Yeah, yeah - I know...'dentist'. LOL!
Today I was reading over the Narcissist Support
Board (it's a newer forum that you can gain access to when you get
'The
Counterfeit Heart' from
http://breakingupwithyournarcissist.com)
WOW! Such insightful posts, many bringing me some major (and uncomfortable)
triggers from my past relationship with a narcissist. If you don't mind I
would like to share with you (below) some of these comments that I have read
there today...
THESE COMMENTS ARE IN REGARDS TO LEAVING
(AND RECOVERING FROM) A NARCISSIST:
"You start out on the road to recovery so
absolutely love-deprived that it's like starting out in a desert already
parched."
"Remember -- you win this one by accepting defeat.

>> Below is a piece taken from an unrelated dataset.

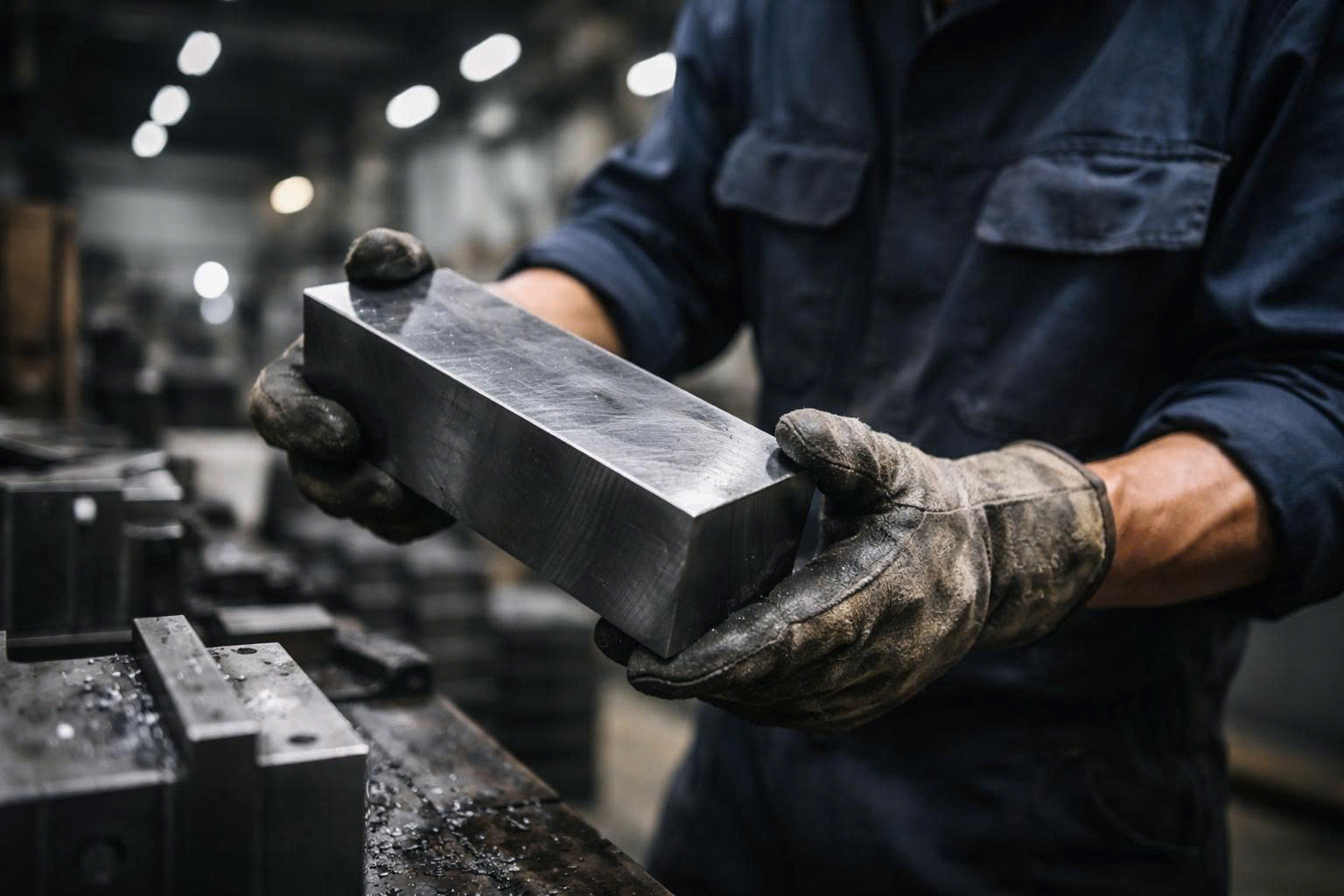 Công nhân cơ khí thao tác với phôi kim loại sắc cạnh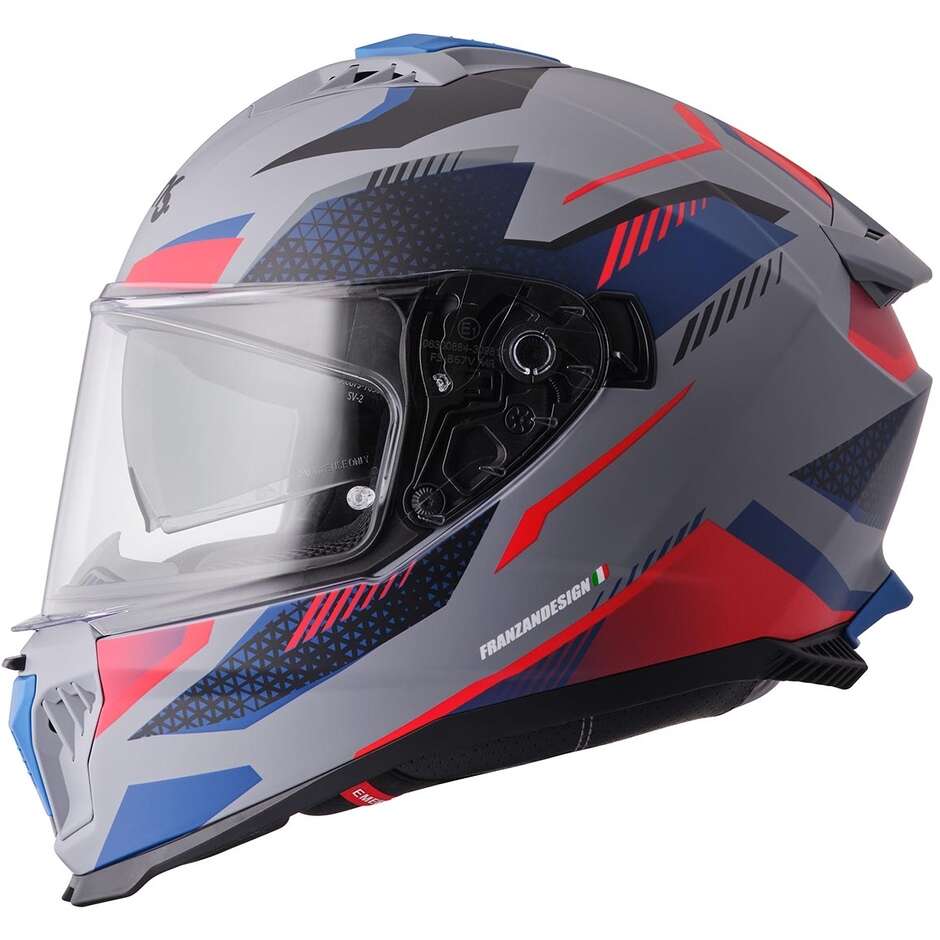 GMS Gelero Full Face Motorcycle Helmet, Matt Grey, Blue, Red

In this contest, the only way to lose is to keep playing. And remember this,
too -- you hurt because you can feel. He doesn't hurt because he can't (and
he didn't do anything wrong in his crazy view of the world)."
"Our divorce is nearly two years old. She's
got a new guy and it hurts for the craziest reasons. There's a part of me
that feels ethically challenged by NOT warning the guy (which I'm not going
to do). There's a part of me that feels like I plowed a field and planted
seeds and somebody else is going to enjoy the harvest (that's the ego thing
- I know this guy's in for trouble, I don't doubt that for a second - but
at least for a little while, he's going to get that false attention that
I craved from her as our relationship slowly died)."
"Yeah, it's really hard to swallow that they
will go on to fool the next victim, once they're done with you, and it will
be great for some time, they'll be happy at first, and the narc will seem
like a great person all over again, for someone new! And how you wish you
could have had THAT person back again, in some sad way... that's all you
really wanted.... that "fake" person, the show they are putting on for someone
new now. But then you feel bad, knowing eventually this new victim will be
hurt by them too... yet you can't really go around warning new victims either,
and they would not listen anyway in most cases."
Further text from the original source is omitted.